R & hadoop: AWS Big DATA Blog

This is a guest post by Andrew Musselman, principal scientist in the global big data practice at Accenture where he leads the data science team in North America. He is a committer on the Apache Mahout project and is writing a book on data science for O’Reilly. Accenture is an APN Big Data Competency Partner.
This post introduces machine learning, provides context for the Apache Mahout project, and offers some specifics about recommender systems. Then, using Amazon Elastic MapReduce (EMR), we’ll tour the workflows for building a simple movie recommender and for writing and running a simple web service to provide results to client applications. Finally, we’ll list some ways to learn more and engage with the Mahout community.

Machine Learning

Machine learning has its roots in artificial intelligence. The term implies that machine learning tools bring cognition and automated decision-making to data problems, but currently machine learning methods do not include computer thought. Even so, machine learning tools usually do employ some type of automated decision making, often iteratively working toward minimizing or maximizing a specific measurement about the performance of a model.
The field of machine learning encompasses many topics and approaches, usually falling into the categories of classification, clustering, and recommenders.
Classification is the process of predicting an unknown (dependent) variable based on a combination of other known (independent) variables, such as predicting a bank's customer attrition or predicting subscribers to a music service. In both of those cases, we use known variables about customers to predict their tendency to cancel their accounts. The following table lists several possible known variables:

Variable Type	Examples
Demographic	City, state, age, gender
Behavioral	Bank customers spending habits How often music service subscribers play certain artists
Environmental or Circumstantial	Fees assessed to bank customers How often music service customers experienced buffered music stream

During classification jobs, we typically use training data that contains the actual value of the dependent variable. We then assess the model’s performance by applying it to a held-out testing data set where we predict the value of the dependent variable and measure how often the predictions are correct.
Clustering, is the process of finding clumps, or groupings, of things in space. Geometrically, we usually talk about clustering vectors in some n-dimensional space. For example, the figure below shows four pairs of people represented by vectors in two-dimensional space where each dimension is some type of spending category, in this case entertainment or groceries.

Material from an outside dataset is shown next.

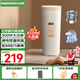 大宇（DAEWOO）【無縫內(nèi)膽】便攜式燒水壺 316不銹鋼 旅行電熱水壺加熱水杯 杯壺嬰兒恒溫 450ml 旅游保溫杯D9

In the top-left corner are two people who spend a similar amount but whose spending habits are in very different directions, and who therefore are very dissimilar. By the same reasoning, the two pairs of people-vectors in the bottom row have similar spending habits since their spending is in a similar direction to one another. The clustering we do with machine learning tools usually involves more than two dimensions, often in the range of hundreds to thousands, which the math supports by generalizing to arbitrary finite dimensional spaces.
Key to the topic of clustering is the concept of distance metric or measure that we use to define similarity. Some common measures are Euclidean, which is distance "as the crow flies”; cosine similarity, which maps a small between-vector angle to a high (close to one) similarity, and maps a high between-vector angle to a low (close to zero) similarity, and Tanimoto, which intuitively measures how much two vectors have in common versus how much they could have had in common.
Recommenders are systems that take some input, usually behavior-based, and predict which items users would tend to prefer. The popularity of recommenders over the past decade was spurred largely by publicity about the Netflix Prize, which ran from 2006 through 2009 and rewarded recommendations that beat the existing Netflix systems by a stated threshold.
Recommender performance is measured by comparing predictions with actual preferences, and is often enhanced by A/B testing in production.

Apache Mahout

Apache Mahout ships with most Hadoop distributions including Amazon Elastic MapReduce (EMR). Mahout is a machine-learning library with tools for clustering, classification, and several types of recommenders, including tools to calculate most-similar items or build item recommendations for users. Mahout employs the Hadoop framework to distribute calculations across a cluster, and now includes additional work distribution methods, including Spark, a computing framework originating in UC Berkeley’s AMPLab that is now an Apache project.
Mahout saw its first bug filed in January 2008, and from there has seen 1,555 Jira tickets filed, with 32 open at this writing. Refining and improving the code and documentation requires a community of contributors and users; the project is currently working toward a 1.0 release.

Recommenders

Most people encounter the effect of a recommender system on a website where the recommender's predictions appear in a section of a web page. These recommendations help the site visitor find products to buy, new music to listen to, movies or television shows to watch, colleagues to hire, or potential mates to pursue.
The techniques for building recommenders have evolved since the early 1990s when the GroupLens research team built the USENET article recommender. The raw material has also evolved: in addition to news articles, there is a larger volume of online activity including clickstreams of users who follow links on websites; explicit “likes” and profile views; time spent perusing items or people; listening to music; and watching videos.
These advancements provide hooks into user behavior that help us determine how to recommend things to people. In the USENET example, users scan lists of articles for author and subject, click through, read, and close articles. In an online retail web site, shoppers search for products, browse product pages, click on photos to enlarge them, read reviews, and add products to a shopping cart. On a streaming music site, music consumers search for an artist or album, play tracks, fast-forward through tracks, and add the artist to their favorites, Streaming video sites work in a similar way. On a social networking site for professional or personal contacts, users search for and interact with other people. Each example includes a user interacting with some type of item in several ways.

Building a Recommender

To demonstrate how to build an analytic job with Mahout on Amazon EMR, we’ll build a movie recommender. We will start with ratings given to movie titles by users in the MovieLens data set, which was compiled by the GroupLens team, and will use the “recommenditembased” example to find most-recommended movies for each user.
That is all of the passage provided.